This all sounds promising, but then I get to see it firsthand in a hands-on demo. Nioh 2 follows the same philosophy as its predecessor: survey the area and defeat enemies to get better gear so you stand a better chance at whatever big bad is awaiting you at the end. Gear and weapons still show up cosmetically on your character, giving you a new look for every occasion.
After searching around in my demo, I find the dual hatchets, a new weapon in the game, and they quickly become my go-to, as they feel weightless and fast, but can also do a good amount of damage. Plus, some of the combos are just plain cool to see in action. You can also find a new yokai, similar to Kodama, that offers support. In this case, if you find the adorable cat-like creature in a level, it will follow you around and regens your meter to activate yokai moves.
As the demo progresses, I slowly get back in my Nioh groove, defeating harder and harder enemies. Stances are still important, depending on how you want to play: high for offense, mid for defense, and low for dodging, and it still comes down to studying attack patterns and making sure you don’t put yourself in a vulnerable position. Players of the first game know there’s no worse feeling than running out of stamina and sitting there unable to move, seeing the incoming hit and knowing there’s nothing you can do.

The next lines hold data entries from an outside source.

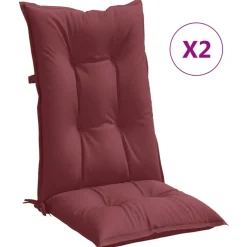 vidaXL Stoelkussens 2 st hoge rug 120x50x7 cm stof gemêleerd wijnrood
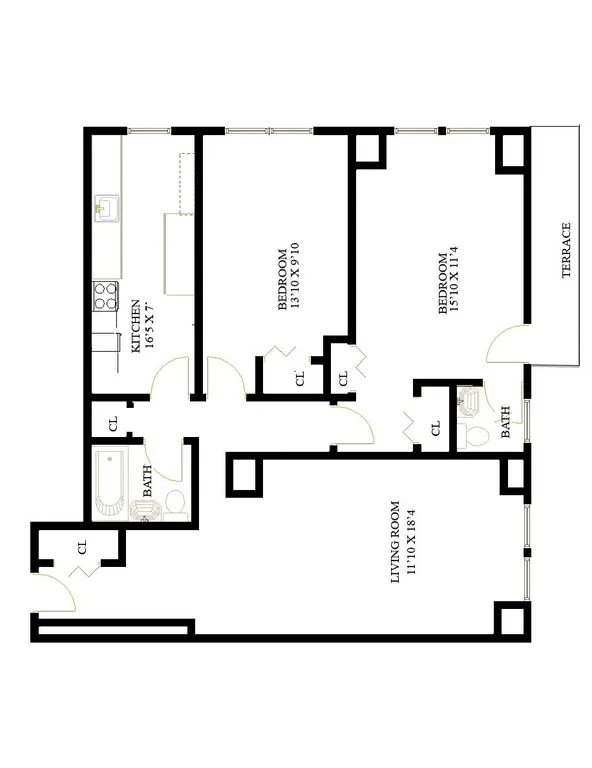 195-195 Willoughby Avenue, 1406 | floorplan | View 9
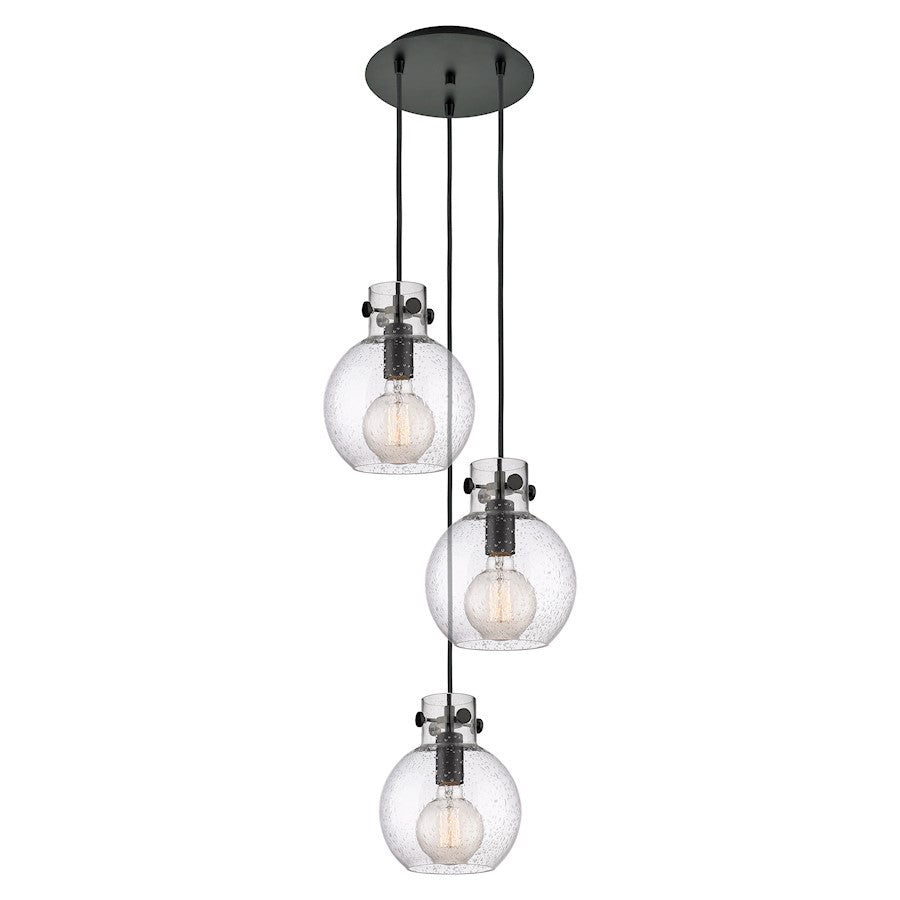 Innovations Newton Sphere 16in 3-Light Pendant | Industrial Matte Black and Seedy Glass | Kitchen Island & Dining | Model 113-410-1PS-BK-G410-8SDY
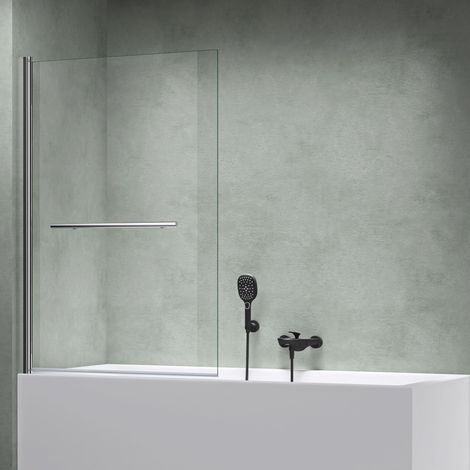 Mai & Mai Duschwand für Badewanne faltbar 180° Sicherheitsglas mit NANO Faltwand 90x140cm Duschabtrennung Badewannenaufsatz (1/5)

And sometimes you can do a lot right and still fail, as I see first hand in my first big boss battle against a vicious horse-faced baddie with a big cleaver. His wide swings take up so much space that missing a dodge and getting swept up in a nasty combo is the easiest way to a game-over screen, which happens three more times before the timed demo expires.
And yet, it’s the most fun I’ve had at the show. The adrenaline rush of slowly figuring out how to take down a massive boss that at first just entirely wipes the floor with you is undeniable. Each death gets you a little closer to victory, as you learn the patterns, make better decisions, and ultimately land one of those counters or combos that stun an enemy. Nioh 2 doesn’t reinvent the wheel, but throwing in some cool yokai moves to use against these menacing foes makes the victories all the sweeter.
Nioh 2 launches in early 2020 for PlayStation 4.